We select the price indices of eight commodity categories such as food, clothing and footwear, and daily necessities for calculation, where N is the number of neighboring provinces.

(2) Market potential (Merc_Pot): Following the method of Midelfart et al., (2000), incorporating the impact of its distance on the economy of the region, market potential is calculated as follows:

$${{Merc{\_}Pot}}_{i}=\mathop{\sum }\limits_{\text{k}=1}^{\text{k}}\frac{{I}_{k}}{{D}_{{ik}}}+\frac{{I}_{i}}{{D}_{{ii}}},$$

(9)

where Merc_Poti represents the market potential of provinces (or cities), and k represents provinces other than province i, I is measured using total retail sales of consumer goods, and Dik represents the spherical distance between provinces, calculated using the coordinates of the center of mass of each province and the distance formula:

$${D}_{{ik}}=\Omega \times \arccos (\cos \left({\alpha }_{o}{\alpha }_{v}\right){\cos {\beta }_{o}\cos \beta }_{v}+\sin {\beta }_{o}\sin {\beta }_{v}),$$

(10)

Self-distance \({D}_{{ii}}=(\frac{2}{3})\sqrt{{S}_{i}/\pi }\), where S is the land area of the province.

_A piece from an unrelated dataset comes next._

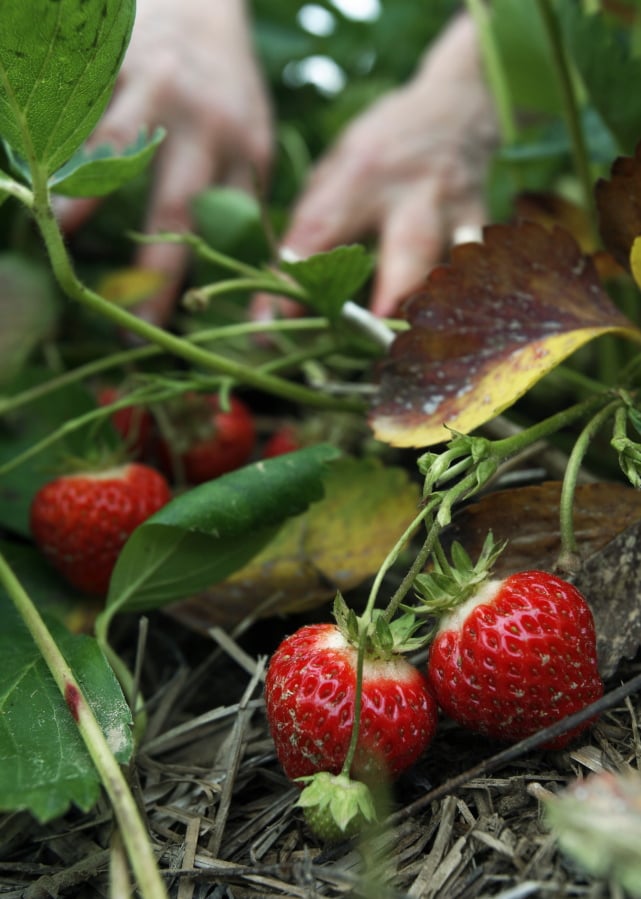 How to Grow Strawberries in Your Garden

(3) Market supply-demand matching (Merc_Sd): Drawing from Hitt et al., (1997) and Chang and Wang, (2007), supply-demand matching refers to the situation where consumers find providers whose products meet quality and price requirements. Producers create diverse products based on market demand, and a company’s level of product diversity is highly correlated with its R&D activities. Therefore, the extent of market supply-demand matching is also reflected i in the sales of new products companies develop. Merc_Sd can be calculated using the sales income from new goods of industrial companies more than a certain size within the region (in trillions), with the values logarithmically transformed.

Control variables

To control for other factors that may influence GTUM in various regions, this study references existing literature and selects the following control variables: Regional economic development level (PGDP), measured by per capita gross domestic product (GDP); Foreign Direct Investment (FDI), measured by the ratio of actual utilized foreign direct investment to the regional GDP; Human capital level (Human_Cap), measured by the average years of education per capita; Degree of government intervention (Gover_Inter), measured by the ratio of general budget expenditures to regional GDP; and Transportation infrastructure (Infra_Trans), measured by road network density.

Data sources

Given the absence of data for Tibet and considering that data for manufacturing sub-sectors are only published at the provincial level, this study employs panel data from 2011 to 2020, integrating provincial data with manufacturing sub-sectors in China. Missing values for some indicators were filled in using linear interpolation. The data sources include the “China Statistical Yearbook,” “China Industrial Yearbook,” provincial statistical yearbooks and statistical bulletins, the Baidu Index, the Guoyan Network, and the EPS Data Platform. Descriptive statistics for the variables are shown in Table 3.

Table 3 Descriptive statistics of variables.

The descriptive statistics of key variables from Table 3 indicate that GTUM in the sample has a certain foundation, but there is still much room for improvement. The standard deviation suggests that the dispersion of GTUM values around the mean is relatively low across regions. The minimum and maximum values reveal that some regions are only at the preliminary stages of GTUM, whereas others have achieved higher levels of GTUM. The average value from DEC shows that the overall development degree of DEC is moderate to low, and the relatively small standard deviation indicates that the development level of DEC in these regions is relatively concentrated. The range of extreme values from 0.071 to 0.610 demonstrates that while some areas are highly developed in terms of DEC, others are comparatively underdeveloped.